By the way, these are some great posts and I would love to see these things pinned. Not necessarily in the general discussion, maybe in the recipe section or create a new one all together. Keep these things up! This is awesome!


----------



## Shiznik (Feb 24, 2008)

Hey doc, what about any tips on should they be gutted or anything done to them shrotly after catch, without danger of the barb, to help make the meat taste better? Another great post!,

Thanks,

Chris


----------



## angus_cow_doctor (Apr 13, 2009)

I gigged it, actually. We were floundering. It took 2 gigs to bring it into the boat. Nice and safe from a distance of 10 feet away! Dropped it in the boat and left it there for awhile. Dealt with it after a couple of hours went by.

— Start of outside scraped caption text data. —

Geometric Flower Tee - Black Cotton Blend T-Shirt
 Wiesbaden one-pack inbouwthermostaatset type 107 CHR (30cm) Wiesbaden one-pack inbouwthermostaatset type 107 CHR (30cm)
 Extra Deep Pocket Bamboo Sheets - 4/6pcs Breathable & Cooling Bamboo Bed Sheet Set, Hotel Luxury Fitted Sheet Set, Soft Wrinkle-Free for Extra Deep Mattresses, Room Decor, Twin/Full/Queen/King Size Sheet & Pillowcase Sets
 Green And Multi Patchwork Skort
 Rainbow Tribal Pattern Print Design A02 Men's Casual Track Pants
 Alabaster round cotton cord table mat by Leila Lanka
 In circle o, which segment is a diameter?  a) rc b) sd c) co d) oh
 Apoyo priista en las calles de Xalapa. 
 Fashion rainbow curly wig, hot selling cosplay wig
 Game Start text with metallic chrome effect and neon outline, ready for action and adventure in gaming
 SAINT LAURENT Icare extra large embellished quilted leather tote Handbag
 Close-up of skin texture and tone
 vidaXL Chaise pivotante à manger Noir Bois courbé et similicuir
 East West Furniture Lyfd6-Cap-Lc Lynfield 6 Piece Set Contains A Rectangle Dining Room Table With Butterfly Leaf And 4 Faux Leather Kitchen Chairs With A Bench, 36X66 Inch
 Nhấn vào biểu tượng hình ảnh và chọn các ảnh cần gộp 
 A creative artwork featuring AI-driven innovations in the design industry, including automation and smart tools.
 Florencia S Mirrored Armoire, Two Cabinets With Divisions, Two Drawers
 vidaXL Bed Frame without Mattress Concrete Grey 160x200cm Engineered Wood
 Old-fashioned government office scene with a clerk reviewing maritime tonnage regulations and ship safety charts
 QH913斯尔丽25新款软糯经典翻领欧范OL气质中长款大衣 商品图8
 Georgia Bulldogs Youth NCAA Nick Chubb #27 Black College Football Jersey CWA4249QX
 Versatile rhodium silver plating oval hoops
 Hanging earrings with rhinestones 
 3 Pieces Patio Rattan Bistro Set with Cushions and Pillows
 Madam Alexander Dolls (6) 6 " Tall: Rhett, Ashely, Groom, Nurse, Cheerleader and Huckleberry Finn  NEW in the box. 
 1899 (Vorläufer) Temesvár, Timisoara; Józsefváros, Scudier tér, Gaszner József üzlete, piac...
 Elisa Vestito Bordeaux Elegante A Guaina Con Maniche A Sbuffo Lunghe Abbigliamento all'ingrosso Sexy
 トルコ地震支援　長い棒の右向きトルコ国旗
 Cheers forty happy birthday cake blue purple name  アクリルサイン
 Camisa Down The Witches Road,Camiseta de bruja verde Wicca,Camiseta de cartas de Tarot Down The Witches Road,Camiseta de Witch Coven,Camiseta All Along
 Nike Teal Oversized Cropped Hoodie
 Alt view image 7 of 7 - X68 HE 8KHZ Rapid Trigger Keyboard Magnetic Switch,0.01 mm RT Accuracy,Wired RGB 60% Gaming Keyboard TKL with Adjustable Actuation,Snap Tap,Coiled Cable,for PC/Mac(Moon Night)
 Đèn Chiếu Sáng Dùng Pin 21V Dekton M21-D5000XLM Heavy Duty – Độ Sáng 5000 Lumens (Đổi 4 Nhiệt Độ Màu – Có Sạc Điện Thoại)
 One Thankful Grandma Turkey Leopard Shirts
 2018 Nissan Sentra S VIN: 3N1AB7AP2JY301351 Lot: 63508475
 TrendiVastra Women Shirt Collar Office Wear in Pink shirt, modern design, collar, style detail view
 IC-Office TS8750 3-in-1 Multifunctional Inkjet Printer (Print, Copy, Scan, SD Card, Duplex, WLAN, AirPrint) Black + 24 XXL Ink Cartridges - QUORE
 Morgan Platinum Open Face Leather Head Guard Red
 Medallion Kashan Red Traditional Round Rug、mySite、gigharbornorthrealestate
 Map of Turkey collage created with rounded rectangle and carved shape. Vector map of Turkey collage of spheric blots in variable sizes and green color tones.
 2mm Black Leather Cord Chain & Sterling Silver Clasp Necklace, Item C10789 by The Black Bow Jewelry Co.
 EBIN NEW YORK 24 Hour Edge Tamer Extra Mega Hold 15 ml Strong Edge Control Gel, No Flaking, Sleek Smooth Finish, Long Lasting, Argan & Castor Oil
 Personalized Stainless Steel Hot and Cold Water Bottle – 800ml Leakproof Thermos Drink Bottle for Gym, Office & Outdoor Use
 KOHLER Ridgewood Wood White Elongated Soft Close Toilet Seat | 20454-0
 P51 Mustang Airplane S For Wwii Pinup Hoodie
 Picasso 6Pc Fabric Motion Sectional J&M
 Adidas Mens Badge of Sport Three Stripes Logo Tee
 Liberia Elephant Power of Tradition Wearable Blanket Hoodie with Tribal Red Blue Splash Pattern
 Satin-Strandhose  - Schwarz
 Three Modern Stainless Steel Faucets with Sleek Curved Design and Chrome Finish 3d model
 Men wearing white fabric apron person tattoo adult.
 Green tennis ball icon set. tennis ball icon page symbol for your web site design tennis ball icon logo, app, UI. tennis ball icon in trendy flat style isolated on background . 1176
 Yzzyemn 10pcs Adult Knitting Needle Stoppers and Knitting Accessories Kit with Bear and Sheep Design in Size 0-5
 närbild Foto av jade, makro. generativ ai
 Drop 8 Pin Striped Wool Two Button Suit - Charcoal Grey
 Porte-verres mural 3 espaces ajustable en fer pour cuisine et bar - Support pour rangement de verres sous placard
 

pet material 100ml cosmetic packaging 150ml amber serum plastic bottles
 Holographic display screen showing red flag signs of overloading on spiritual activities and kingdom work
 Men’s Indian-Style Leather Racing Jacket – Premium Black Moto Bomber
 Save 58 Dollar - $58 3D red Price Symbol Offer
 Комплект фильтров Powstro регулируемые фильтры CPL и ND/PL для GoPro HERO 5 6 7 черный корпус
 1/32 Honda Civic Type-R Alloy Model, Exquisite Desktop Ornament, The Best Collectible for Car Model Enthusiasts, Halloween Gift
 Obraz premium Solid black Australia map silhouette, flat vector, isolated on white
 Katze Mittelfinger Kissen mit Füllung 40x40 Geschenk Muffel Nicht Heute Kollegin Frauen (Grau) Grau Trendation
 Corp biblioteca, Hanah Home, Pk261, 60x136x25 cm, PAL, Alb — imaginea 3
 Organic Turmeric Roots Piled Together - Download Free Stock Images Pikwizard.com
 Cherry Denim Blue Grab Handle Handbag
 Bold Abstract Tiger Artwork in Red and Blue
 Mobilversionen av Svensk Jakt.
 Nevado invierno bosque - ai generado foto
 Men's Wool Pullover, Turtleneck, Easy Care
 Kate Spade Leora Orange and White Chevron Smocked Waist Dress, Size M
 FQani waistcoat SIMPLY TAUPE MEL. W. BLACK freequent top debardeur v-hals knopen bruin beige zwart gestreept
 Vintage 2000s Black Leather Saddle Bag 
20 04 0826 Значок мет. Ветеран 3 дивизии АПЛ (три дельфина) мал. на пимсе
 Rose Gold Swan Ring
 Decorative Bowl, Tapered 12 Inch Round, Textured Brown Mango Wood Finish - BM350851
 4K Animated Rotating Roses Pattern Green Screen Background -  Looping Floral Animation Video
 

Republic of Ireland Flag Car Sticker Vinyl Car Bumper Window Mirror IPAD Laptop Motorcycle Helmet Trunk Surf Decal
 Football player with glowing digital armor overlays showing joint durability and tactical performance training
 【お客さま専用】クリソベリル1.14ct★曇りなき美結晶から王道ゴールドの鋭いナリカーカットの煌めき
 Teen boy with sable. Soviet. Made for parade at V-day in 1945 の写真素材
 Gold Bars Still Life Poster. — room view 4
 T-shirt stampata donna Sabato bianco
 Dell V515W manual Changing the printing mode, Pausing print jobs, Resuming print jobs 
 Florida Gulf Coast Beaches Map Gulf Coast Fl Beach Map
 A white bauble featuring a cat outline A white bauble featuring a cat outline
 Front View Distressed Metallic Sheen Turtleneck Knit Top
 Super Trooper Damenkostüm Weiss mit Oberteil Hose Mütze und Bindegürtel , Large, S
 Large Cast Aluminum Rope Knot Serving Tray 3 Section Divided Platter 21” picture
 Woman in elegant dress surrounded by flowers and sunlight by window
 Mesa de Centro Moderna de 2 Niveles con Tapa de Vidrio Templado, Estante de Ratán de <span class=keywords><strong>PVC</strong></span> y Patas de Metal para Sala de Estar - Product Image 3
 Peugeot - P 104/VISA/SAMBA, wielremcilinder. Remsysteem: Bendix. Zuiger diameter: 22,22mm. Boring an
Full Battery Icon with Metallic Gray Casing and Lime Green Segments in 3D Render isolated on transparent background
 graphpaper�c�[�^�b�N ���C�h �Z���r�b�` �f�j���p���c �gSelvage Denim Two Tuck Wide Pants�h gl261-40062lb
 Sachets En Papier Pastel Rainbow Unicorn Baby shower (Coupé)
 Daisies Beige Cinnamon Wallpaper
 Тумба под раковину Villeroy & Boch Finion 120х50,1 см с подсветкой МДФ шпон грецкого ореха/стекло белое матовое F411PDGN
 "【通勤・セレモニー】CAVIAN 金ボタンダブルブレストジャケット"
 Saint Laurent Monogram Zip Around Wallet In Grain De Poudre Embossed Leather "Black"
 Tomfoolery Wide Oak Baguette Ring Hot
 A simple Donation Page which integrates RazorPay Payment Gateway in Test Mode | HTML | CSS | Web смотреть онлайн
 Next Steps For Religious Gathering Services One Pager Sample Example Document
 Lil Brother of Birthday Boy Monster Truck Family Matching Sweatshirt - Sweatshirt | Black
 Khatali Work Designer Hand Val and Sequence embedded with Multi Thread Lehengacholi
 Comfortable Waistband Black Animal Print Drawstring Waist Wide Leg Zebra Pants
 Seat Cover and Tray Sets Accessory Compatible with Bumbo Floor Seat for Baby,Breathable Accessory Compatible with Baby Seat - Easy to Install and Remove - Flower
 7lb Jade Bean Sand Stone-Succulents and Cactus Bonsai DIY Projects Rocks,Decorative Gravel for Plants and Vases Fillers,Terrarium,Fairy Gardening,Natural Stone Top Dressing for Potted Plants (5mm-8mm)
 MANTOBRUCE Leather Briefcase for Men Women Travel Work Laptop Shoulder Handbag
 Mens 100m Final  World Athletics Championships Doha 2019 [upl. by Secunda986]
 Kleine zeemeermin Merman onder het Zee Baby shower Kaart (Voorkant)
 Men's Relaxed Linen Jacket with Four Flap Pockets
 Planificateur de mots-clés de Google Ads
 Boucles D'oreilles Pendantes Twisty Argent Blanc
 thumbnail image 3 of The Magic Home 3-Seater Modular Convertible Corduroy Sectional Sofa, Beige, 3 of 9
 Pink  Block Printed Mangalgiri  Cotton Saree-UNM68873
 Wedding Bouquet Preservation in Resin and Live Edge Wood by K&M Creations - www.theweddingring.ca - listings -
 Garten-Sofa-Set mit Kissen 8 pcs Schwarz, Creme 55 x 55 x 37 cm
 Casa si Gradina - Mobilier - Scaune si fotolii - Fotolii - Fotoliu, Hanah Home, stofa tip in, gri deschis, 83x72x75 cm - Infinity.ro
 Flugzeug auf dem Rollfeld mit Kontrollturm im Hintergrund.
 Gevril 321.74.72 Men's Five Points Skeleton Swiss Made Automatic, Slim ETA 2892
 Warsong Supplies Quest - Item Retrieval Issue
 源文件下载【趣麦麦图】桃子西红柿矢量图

If I caught one on hook and line, I would probably get it in the boat somehow and cut the line, getting the hook out later. Thats what I do with sharks. A hook is not worth getting bitten or stabbed by a stinger.


----------



## angus_cow_doctor (Apr 13, 2009)

What I would like to try is cutting off the whole tail as soon as they are landed, and bleeding it out like a shark. It would make a mess in the boat. Might have to put it in cooler just to contain the mess if I did it. I am still not too fond of getting that close to the stinger until it is dead.


----------



## choppedliver (Apr 4, 2009)

> *angus_cow_doctor (9/10/2009)*I gigged it, actually. We were floundering. It took 2 gigs to bring it into the boat. Nice and safe from a distance of 10 feet away! Dropped it in the boat and left it there for awhile. Dealt with it after a couple of hours went by.
> 
> If I caught one on hook and line, I would probably get it in the boat somehow and cut the line, getting the hook out later. Thats what I do with sharks. A hook is not worth getting bitten or stabbed by a stinger.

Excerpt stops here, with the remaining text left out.